** Opening Data section block **

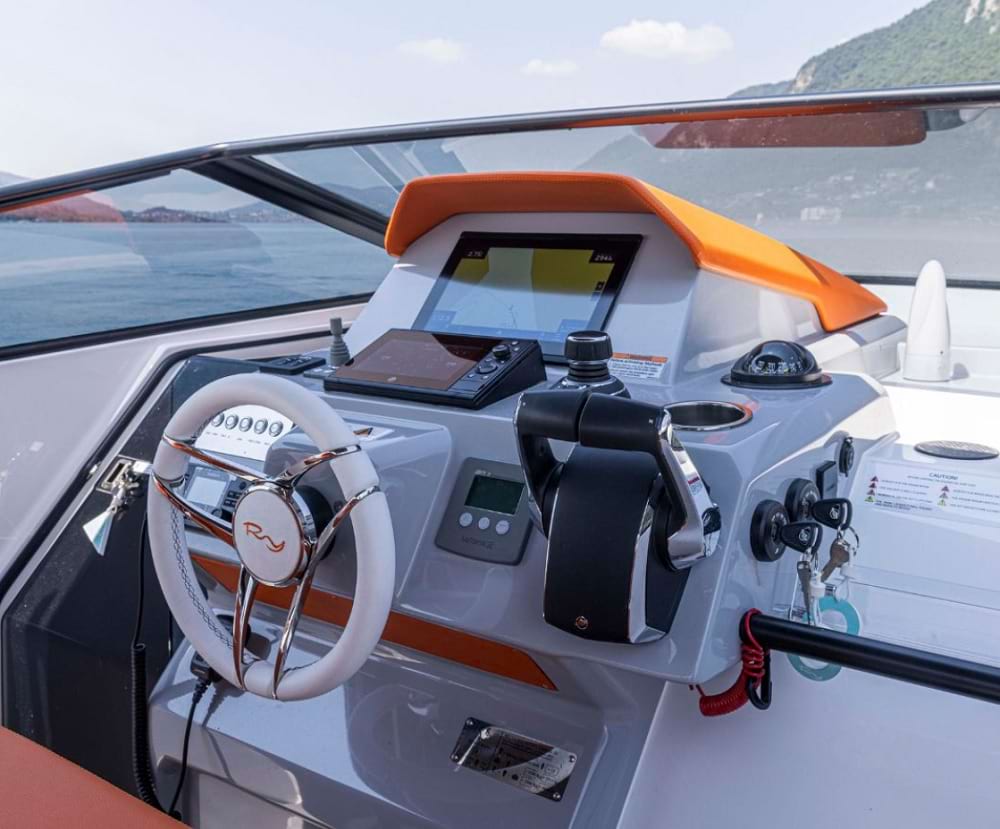 ekskluzywne łodzie motorowe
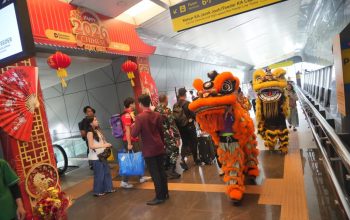 KAI Daop 2 Bandung Semarakkan Imlek 2026 dengan Dekorasi Meriah dan Atraksi Barongsai, Layani Puluhan Ribu Penumpang Selama Long Weekend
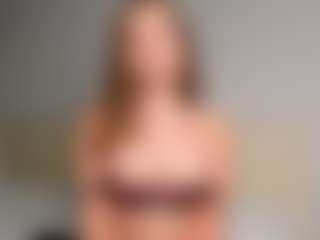 Live cam show with Ellen - Cum on AdultVida.com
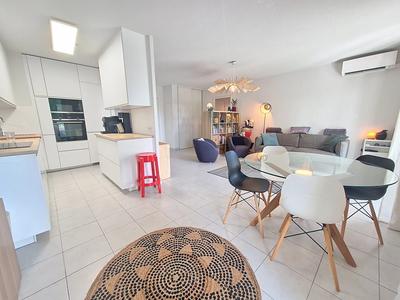 Appartement - 72 m² - 3 pièces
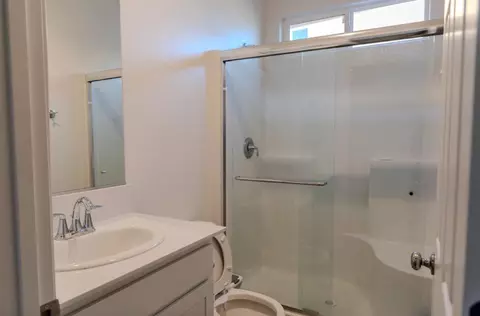 Bath - 14206 Gragnani Ave, Kerman, CA 93630 photo 1 of 4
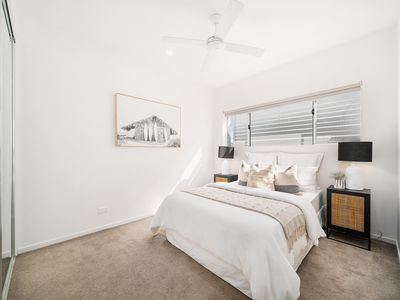 2 / 30 Second Avenue, Sandgate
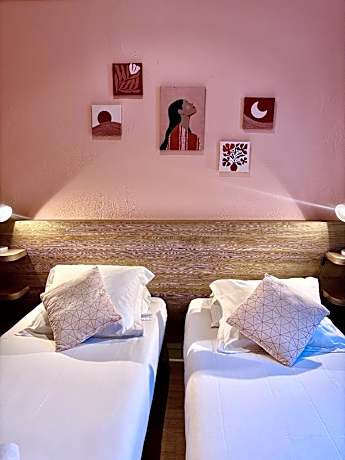 Twin Room with Private Bathroom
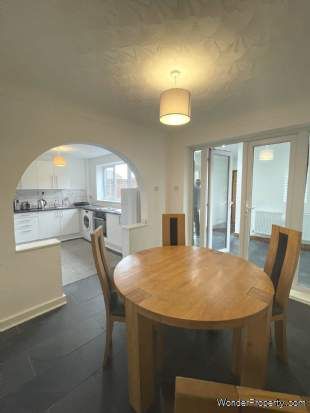 4 bedroom property to rent in Liverpool - Photo 3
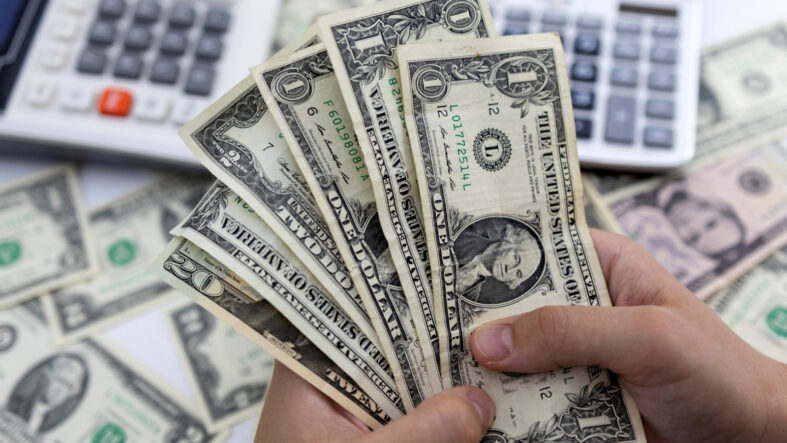 dolar-gune-sakin-basladi-abd-ile-iran-takip-ediliyor.jpg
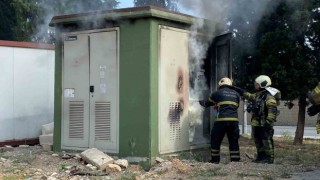 Trafoda çıkan yangın mahalleyi elektriksiz bıraktı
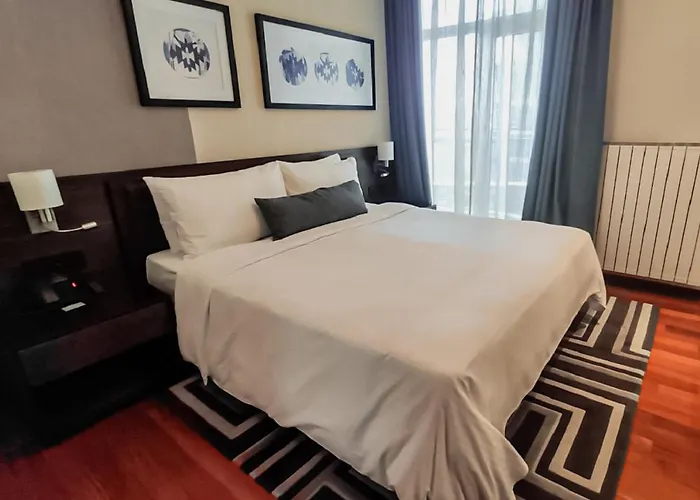 Bosmal Arjaan By Rotana Hotel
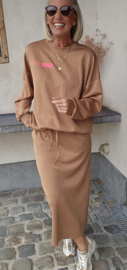 GOOD VIBES sweatshirt camel
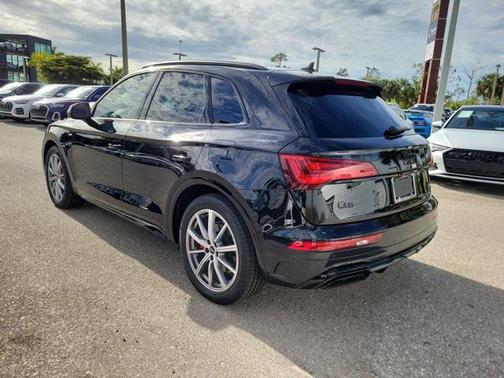 2024 Audi Q5 e 55 S line Premium Plus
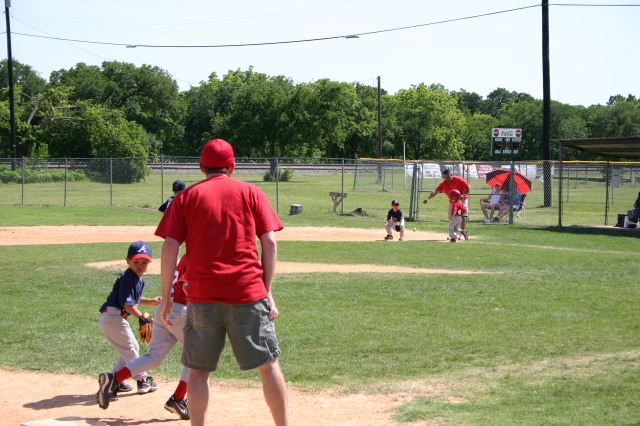2006/05(May)/Tball-13th/640x480_2006-05-13-Tball-060-Matthew.JPG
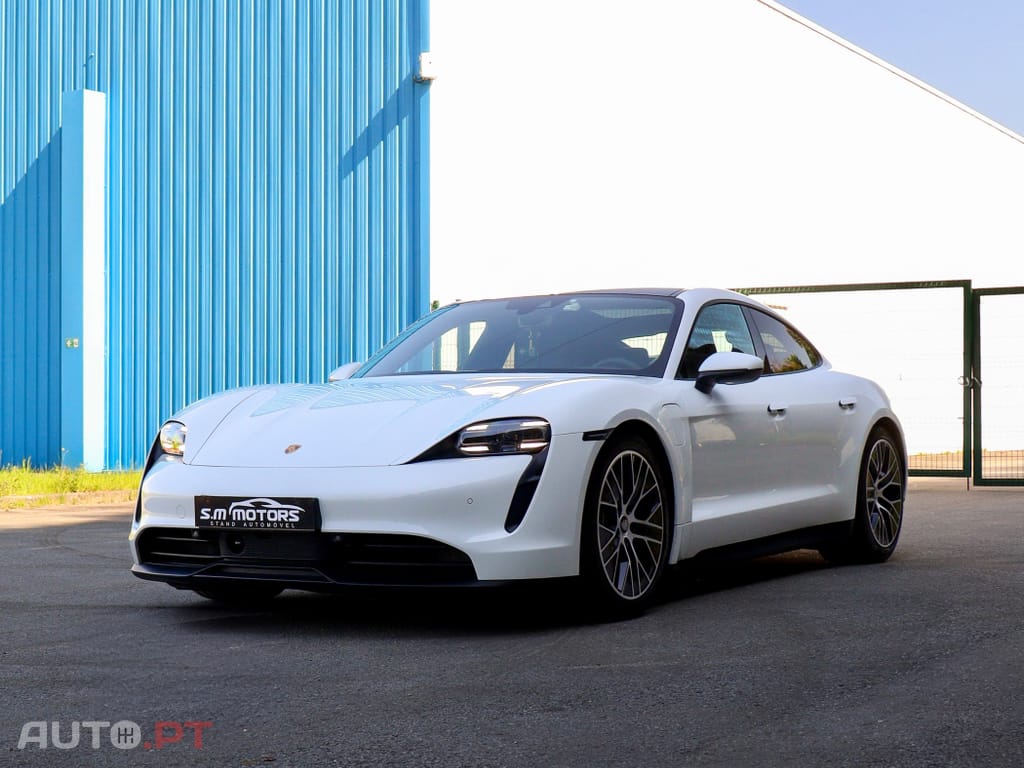 Porsche Taycan Standard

** Closing Data section block **

Task statement:
Copy nothing but the lines above that run from the one with "Bath - 14206" to the one with "dolar-gune-sakin-basladi-abd-ile-iran-takip-ediliyor.jpg", ends included; pictures stay out.

Solution below:
 Bath - 14206 Gragnani Ave, Kerman, CA 93630 photo 1 of 4
 2 / 30 Second Avenue, Sandgate
 Twin Room with Private Bathroom
 4 bedroom property to rent in Liverpool - Photo 3
 dolar-gune-sakin-basladi-abd-ile-iran-takip-ediliyor.jpg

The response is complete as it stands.